*** STORED DATA Section Begins ***
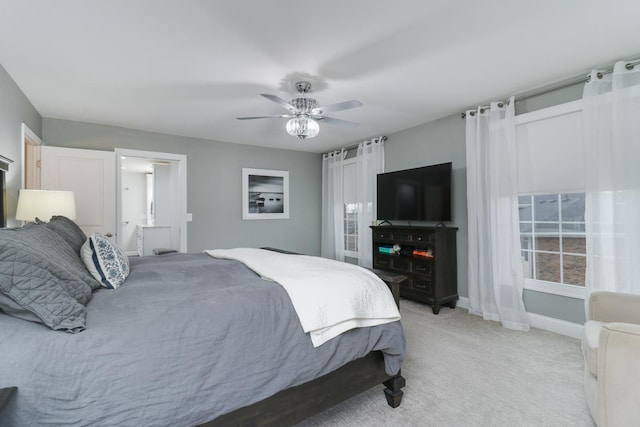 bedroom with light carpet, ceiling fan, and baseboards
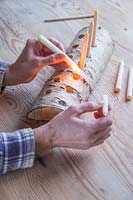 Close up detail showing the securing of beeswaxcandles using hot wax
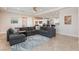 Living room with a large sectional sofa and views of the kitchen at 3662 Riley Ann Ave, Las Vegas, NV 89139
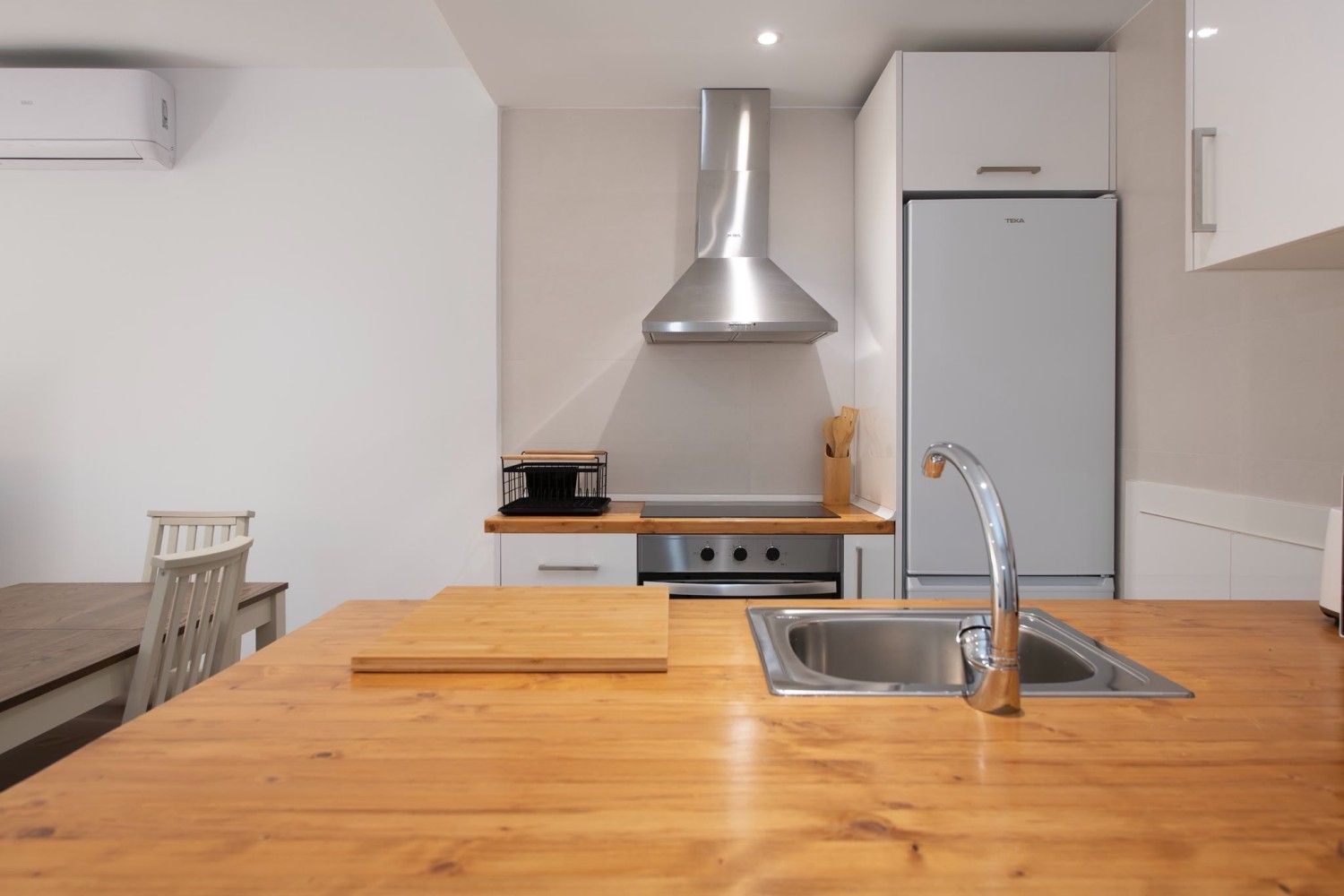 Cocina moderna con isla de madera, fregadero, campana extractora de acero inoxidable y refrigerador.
*** STORED DATA Section Ends ***
*** STORED DATA Section Begins ***
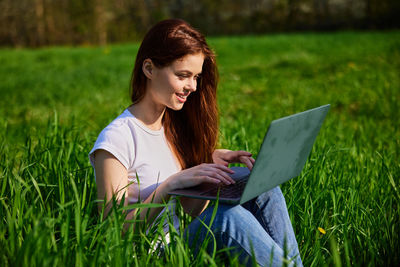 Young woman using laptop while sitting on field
*** STORED DATA Section Ends ***
* _ACTIVITY_
Everything from the line above that contains "Close up detail" down to the line that contains "Cocina moderna con" must be reproduced exactly, both ends included. Omit the pictures.

* _FINAL ANSWER_
 Close up detail showing the securing of beeswaxcandles using hot wax
 Living room with a large sectional sofa and views of the kitchen at 3662 Riley Ann Ave, Las Vegas, NV 89139
 Cocina moderna con isla de madera, fregadero, campana extractora de acero inoxidable y refrigerador.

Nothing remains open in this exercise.